Het vermogen van een elektrisch apparaat geeft aan hoeveel elektrische energie er in een bepaald tijd verbruikt wordt. Het geeft ook aan wat een apparaat kan.
-
Je kunt uitleggen wat een vermogensmeter is.
Een apparaat om het vermogen mee te meten.
-
Je kunt twee eenheden van vermogen noemen en de symbolen van alle drie.

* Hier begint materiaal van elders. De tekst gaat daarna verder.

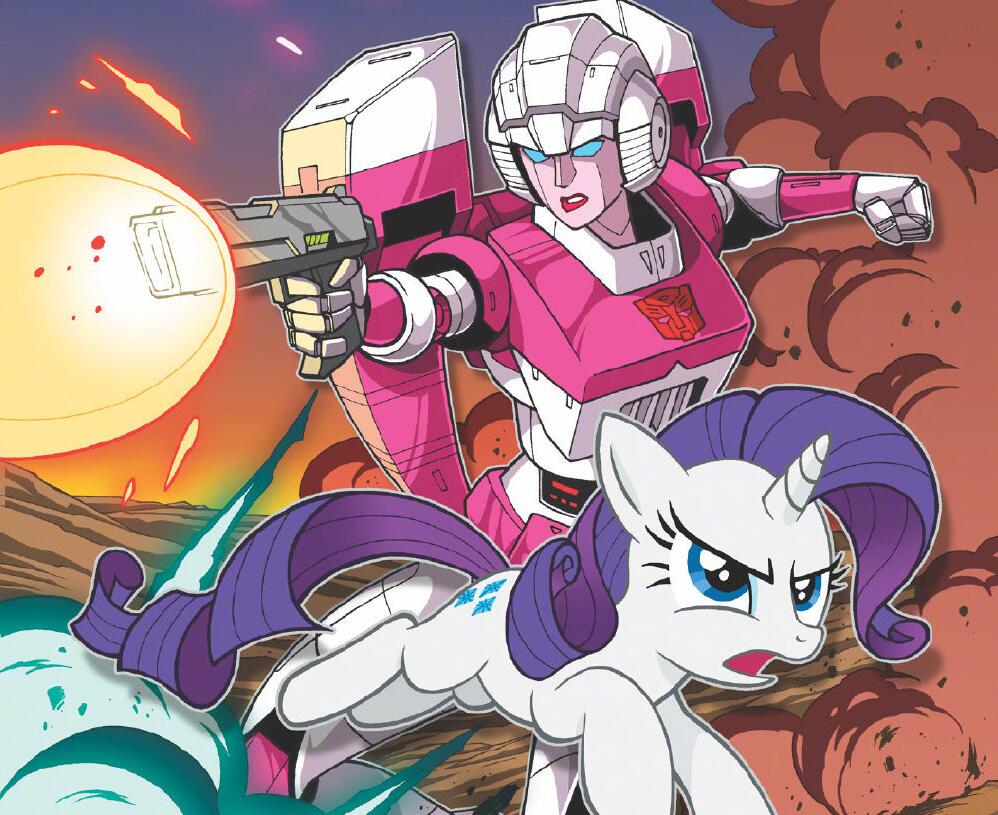 变形金刚彩虹小马动画,变形金刚彩虹小马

Het symbool van vermogen is de hoofdletter P.
Twee eenheden zijn:
- de watt (symbool hoofdletter W)
- de joule per seconde (J/s hoofdletter J en kleine letter s)
-
Je kunt een vermogen omrekenen tussen kW, W en mW.
1000 W = 1 kW. Om een vermogen in watt om te rekenen naar kilowatt moet je dus delen door duizend. Andersom moet je vermenigvuldigen met duizend.
1000 mW = 1 W. Om een vermogen in milliwatt om te rekenen naar watt moet je dus delen door duizend. Andersom moet je vermenigvuldigen met duizend.
-
Je kunt een vermogen gemeten in watt omrekenen naar joule per seconde en andersom.